Das „klassische“ C-reaktives Protein (CrP) wird als hochsensitives C-reaktives Protein (hs-CrP) bezeichnet, wenn durch empfindliche Messmethoden sehr kleine Konzentrationen gemessen werden können. Diese Werte liegen unter 0,5 mg/dl.

Bedeutung

Ansteigende Konzentrationen des CrP sind ein objektives labordiagnostisches Kriterium zur Erkennung einer Interleukin-induzierten Entzündungsreaktion.
CrP wird eine kausale Rolle beim Beginn der Plaque-Bildung im Rahmen der Atherosklerose zugeschrieben. Es stellt aber nicht die primäre Ursache der Atheroskleroseentstehung dar. Das CrP soll ein Risiko für Herz-Kreislauf-Erkrankung besser voraussagen als andere Risikomarker wie z.B. das LDL-Cholesterin.

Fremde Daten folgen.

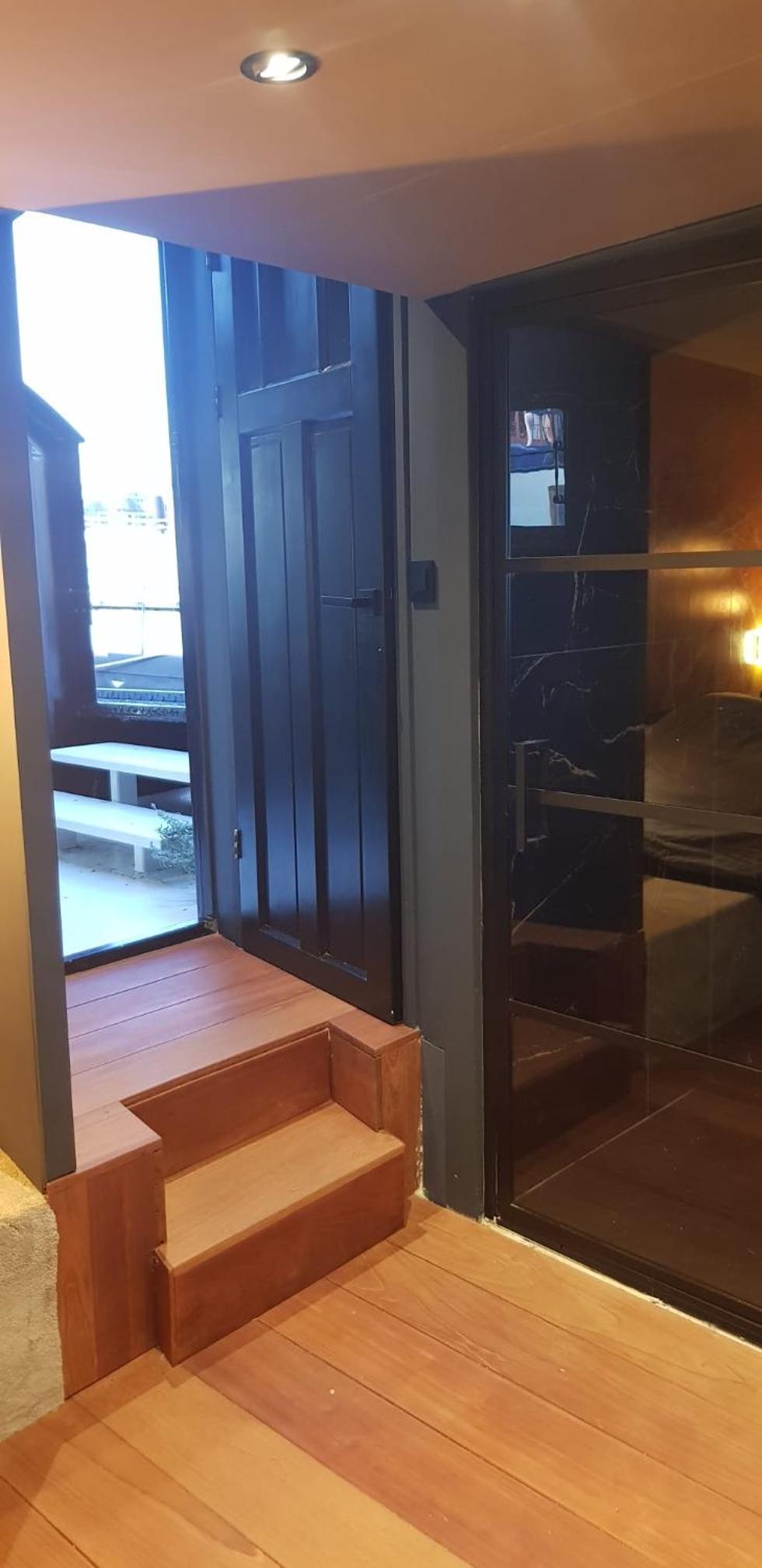 EUPHRATE HOUSeBOAT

Über die Bildung pro-inflamatorischer Substanzen (IL1, IL6 und TNF-alpha) kommt es zu einer vermehrten Anheftung von Entzündungszellen an die Gefäßwandzellen, die über eine Aufnahme von cholesterinhaltigen Substanzen die Plaque-Bildung initiieren. Das CrP komplexiert dabei an Zellmembranen und induziert die Expression von Adhäsionsmolekülen. Es ermöglicht die Rekrutierung von
Monozyten und ist an der Cholesterinaufnahme durch Makrophagen beteiligt. Somit ist CrP ein früher Marker, der schon in sehr geringen Konzentrationen gefunden werden kann, da es in der Lage ist, diskrete und lokale Entzündungen anzuzeigen.

Zusätzlich ist CrP auch ein Marker bei Fällen der Atherosklerose, in Verbindung mit koronaren Ereignissen, die keine erhöhten Lipidwerte aufzeigen. Die zusätzliche Messung der Lipidwerte (LDL und HDL) sollte immer durchgeführt und in die Bewertung mit einbezogen werden.

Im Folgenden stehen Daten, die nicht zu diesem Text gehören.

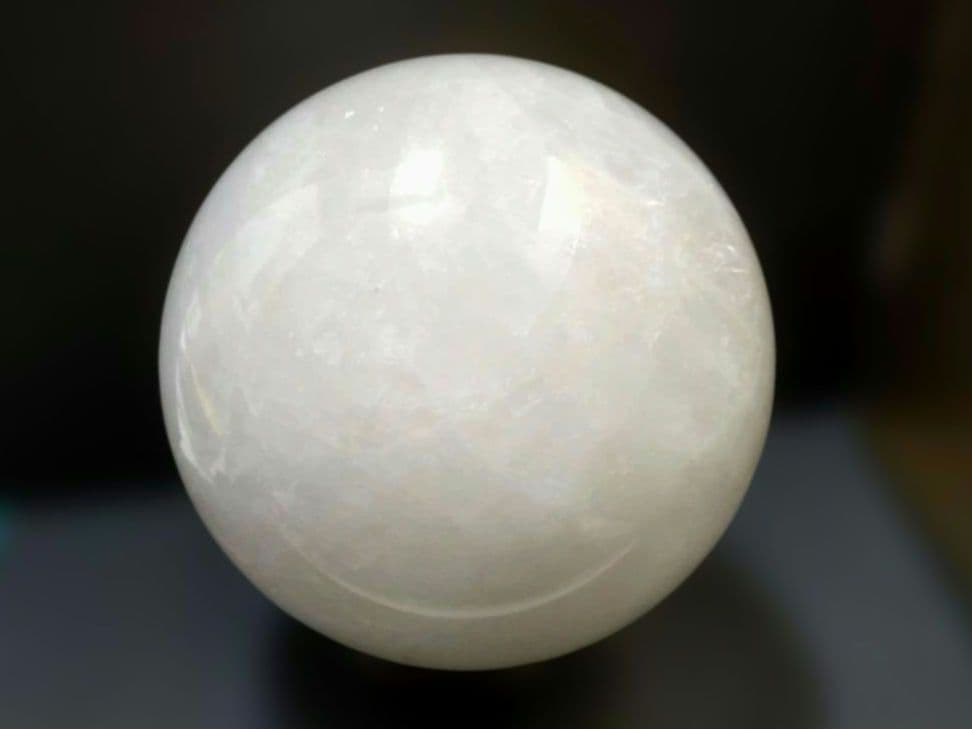 ヒマラヤ水晶　丸玉　スフィア　2.4Kg　木製台座付き！　②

Da nahezu jeder Mensch geringe CrP-Werten aufweisen kann, dabei aber keine Entzündung oder eine mit einer Enzündung einhergehenden Erkrankung aufweißt, ist die Bestimmung des hochsensitiven CrPs in der klinischen Praxis fragwürdig.

Material

Serum, EDTA-Plasma

Messmethode

Kinetische Nephelometrie

Referenzbereich

< 0,5 mg/dl

Individuelles Risiko 
bei einen möglichen koronaren Ereignis
hs-CrP
< 0,1 mg/dl 0,1 - 0,3 mg/dl > 0,3 mg/dl
normal gering erhöht stark erhöht

Bewertung

Hs-CrP findet Verwendung in der Erst-Diagnostik mit Verdacht auf Atherosklerose, koronarer Herzerkrankung, akuter Myokardinfarkt, Angina pectoris und Verlaufskontrollen bei der KHK. Dabei ist eine steigende Konzentration des hs-CrP mit einem steigenden Risiko, ein koronares Ereignis zu bekommen, verbunden. Dieses erhöht sich um ein Vielfaches, wenn die Cholesterin-Konzentration erhöht ist. Dies gilt auch für Risikofaktoren wie Übergewicht, Rauchen, verminderte körperliche Aktivität, Bluthochdruck und Hyperglykämie.

CrP soll der stärkste Indikator für eine Assoziation zu zukünftigen kardiovaskulären Ereignissen sein, im Vergleich zu Homocystein, Lipoproteinen und inflammatorischen Markern. Allerdings ist die Beziehung zwischen CrP und koronaren Ereignissen nicht spezifisch, da geringgradige inflammatorische Prozesse eine völlige unspezifische Antwort des Organismus darstellen und ggf. mit einer erhöhten CrP-Erhöhung einhergehen können.

Erhöhte Konzentrationen des CrP werden auch gefunden bei:

  • Rauchern
  • Typ-2-Diabetes
  • Übergewicht
  • Orale Kontrazeptiva
  • Hormonersatztherapie
  • Akuten bakteriellen Infektionen


Empfehlungen für die Praxis:

  • Sekundärprävention:
    • Eine routinemäßige Bestimmung ist nicht zu empfehlen, da keine weiteren diagnostischen und therapeutischen Maßnahmen daraus resultieren
    • Eine Ausnahme könnte die Therapieanpassung darstellen
       
  • Primärprävention:
    • Bestimmung von CrP und den klassischen Risikofaktoren
    • Bei Werten < 0,3 mg/dl sind keine weiteren Messungen notwendig
    • Bei Werten > 0,3 mg/dl Verlaufskontrolle nach 2-3 Wochen
       
  • Bei Patienten mit akuter Entzündung oder Trauma sollte erst 3 Wochen nach Abklingen der Symptomatik das CrP gemessen werden, da CrP zu den Akute-Phase-Protein gehört.
     
  • Crp bleibt vor allem bei Erhöhungen > 0,5 mg/dl ein bedeutender Marker für eine Entzündungsreaktion.